Bruno Dumont • Director
"At the heat of the spectator"
- An interview with the provocative French director Bruno Dumont who brought his latest film, Flandres, to the Cannes Film Festival competition Grand Prix of the Jury
Cineuropa: Why did you choose to tell a story about two country kids from Flanders?
Bruno Dumont: I was only interested in describing a story with images and sounds. Flanders is my birthplace. It is visceral, sensitive irrational. I need the land in order to film human beings. In being filmed, Flanders gives back an aspect of human existence. I need a story because stories are the natural movement of our lives, that which connects us to one another.
War erupts into your film, like a central element that influences destinies and souls.
In the film, war is the expression of the mourning of our desires. I was interested, above all, in the very sense of war. I wasn’t interested in the war in Iraq specifically. I wanted to show that which television does not know to show about war. The filmmaker’s job is to regenerate war’s role. I do not claim to have made a closed, finished argument. My film is unfinished, it ends there where the spectator begins. I like aiming at the heart of spectator, even though the things I need to show are harsh.

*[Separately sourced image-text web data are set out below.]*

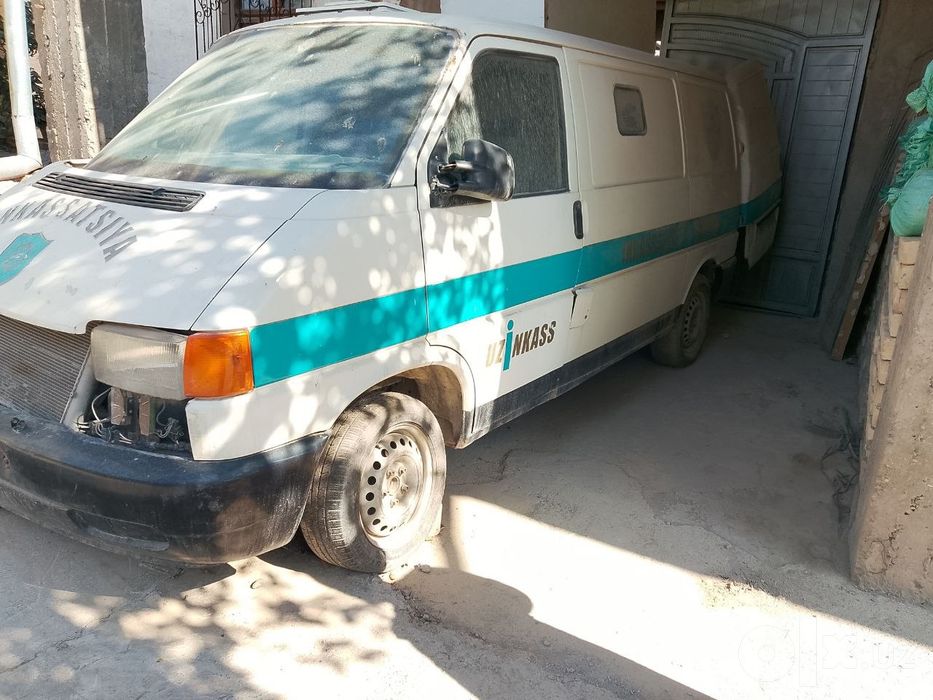 Volkswagen Transporter T4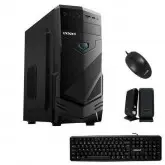 Gabinete Kit Sate K761 Espanhol Preto Atx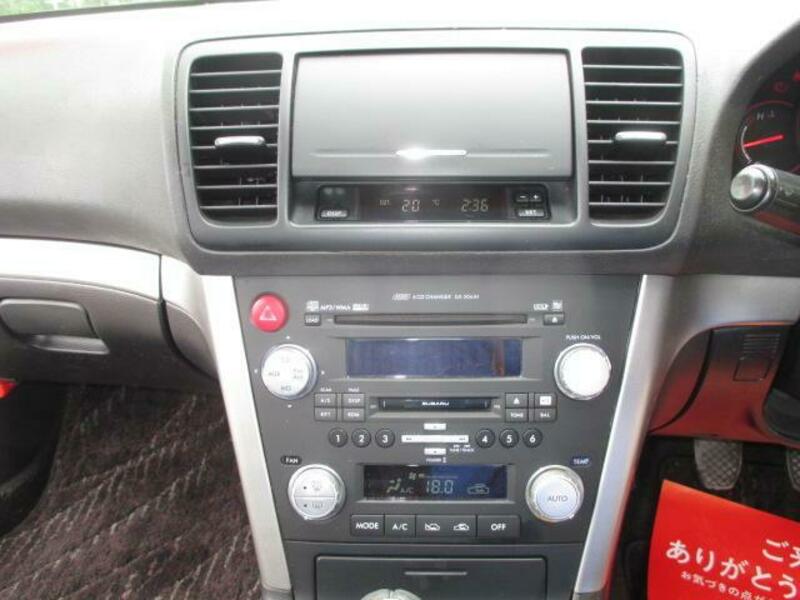 LEGACY B4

We must pass through the darkness to see the light.
You often show harsh things...
I’m accused of making overly crude sex scenes, whereas my vision is very demure. There is something tragic about two bodies uniting, and the impossibility of becoming one, which reveals great loneliness. In regards to the violence in this film, I thought just hints of it were enough. The violence of silence is enough.
You used two magnificent non-actors in the film.

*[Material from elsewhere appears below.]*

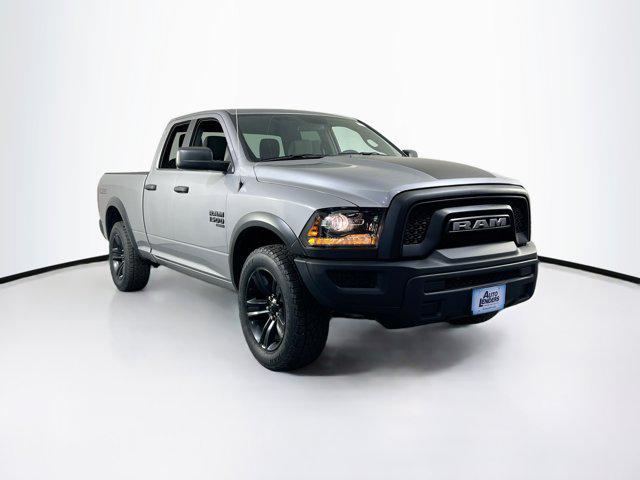 used 2021 Ram 1500 Classic car, priced at $32,368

I chose them for how similar they were to the characters in the story. I didn’t have them read the screenplay but I worked on their inner life, in such a way that they expressed a part of themselves when they were acting. They are at the heart of the film, depending on what they give, I complete the story, making some adjustments.
Your budget was higher than usual, yet nevertheless still relatively low. Was it enough for expressing your story?
It’s good for me to work with very little. If I had a lot money, I wouldn’t know how to make a film.